FAA Response. Some hangars may not be designed to accommodate aircraft construction or all phases of aircraft construction. Airport sponsors have an obligation to mitigate inherent hazards in the operation, and to prevent unsafe conditions or practices. For example, a sponsor could prohibit painting or other use of volatile or highly flammable materials in a hangar.
Question 15. Does the policy apply to privately constructed hangars on federally obligated airports?
FAA Response. An airport sponsor's permission to lease aeronautical land on the airport for construction of a hangar accepts the sponsor's conditions that come with that land, in return for the special benefits of the location. The fact that the tenant uses the land through a ground lease with the airport sponsor and constructs the hangar using tenant funds does not affect the airport sponsor's agreement with the FAA. That agreement requires the airport land and facilities, including aircraft hangars, to be used for aeronautical purposes.
Question 16. May hangars be used for aviation museums or non-profit organization activities encouraging aviation?
FAA Response. An airport sponsor, at its discretion, may provide access to airport property at less than fair market rent to aviation museums and other non-profit, aviation-related organizations (including aviation-focused community-based organizations). However, there is no reason for such activities to displace aircraft owners seeking hangar space for storage of operating aircraft, unless the non-profit or community activity itself involves use and storage of operating aircraft. Accordingly, aviation museums and non-profit organizations have the same access to vacant hangar space as other activities that do not actually require a hangar for aviation use.
Question 17. How does the use of a hangar affect the rent charged?
FAA Response. If a hangar is being used for an aeronautical use, the airport sponsor will generally charge the tenant the airport's standard rate for aeronautical leases, which should recover the airport's costs but which may be less than fair market rent. If the hangar is used for an interim non-aeronautical purpose, the sponsor must charge a fair market rent for the hangar. Please consult the Airport Compliance Handbook for the application of below-market rent for aviation museums and other aviation related non-profit organizations.
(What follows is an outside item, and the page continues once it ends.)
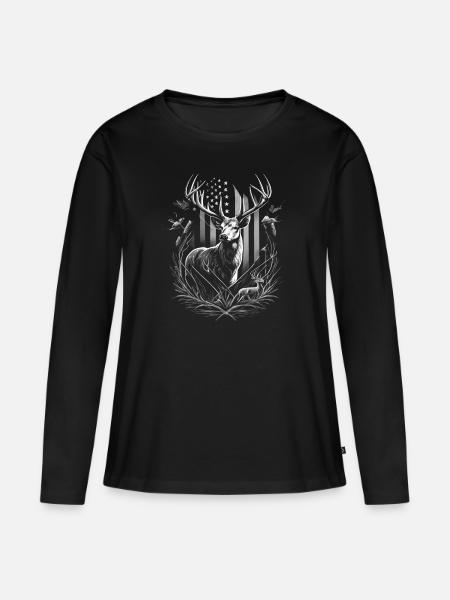 Jäger & Jägerinnen - Frauen Premium Bio Langarmshirt - Schwarz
Question 18. If there is no unsatisfied aviation demand for hangars, can they be leased to generate revenue from non-aeronautical uses?
FAA Response. If a sponsor has empty aeronautical use hangars for which it has no current aeronautical demand, it may seek FAA approval to lease those hangars to non-aeronautical tenants in one of two ways.
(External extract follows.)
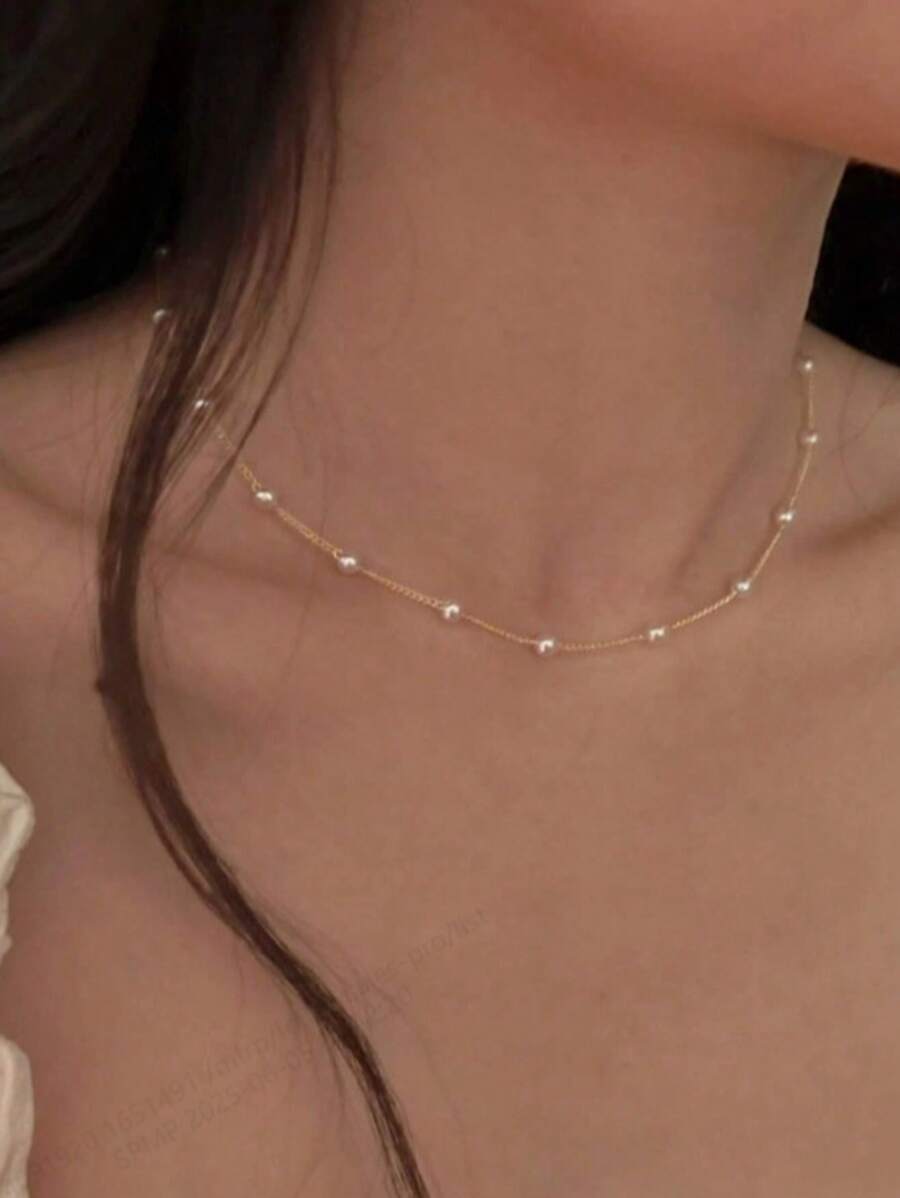 1 pièce Collier de perles élégant, polyvalent et simple à la mode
Option 1 - When a sponsor wants to lease aeronautical hangars to a tenant for an extended time period (usually 3 to 5 years), it can request FAA approval for interim non-aeronautical use of a hangar until there is demand for an aeronautical purpose. The sponsor must charge a fair market commercial rental rate for any hangar rental or use for non-aeronautical purposes.
Option 2 - A sponsor may also request FAA approval of a leasing plan for the lease of vacant hangars for non-aeronautical use on a month-to-month basis. Once the sponsor receives initial FAA approval, it may lease the open space for consecutive 30-day periods without further approval. The sponsor must charge a fair market commercial rental rate for any hangar rental or use for non-aeronautical purposes. However, aeronautical use must receive priority consideration and accommodation over non-aeronautical use, even if the rental rate would be higher for the non-aeronautical use.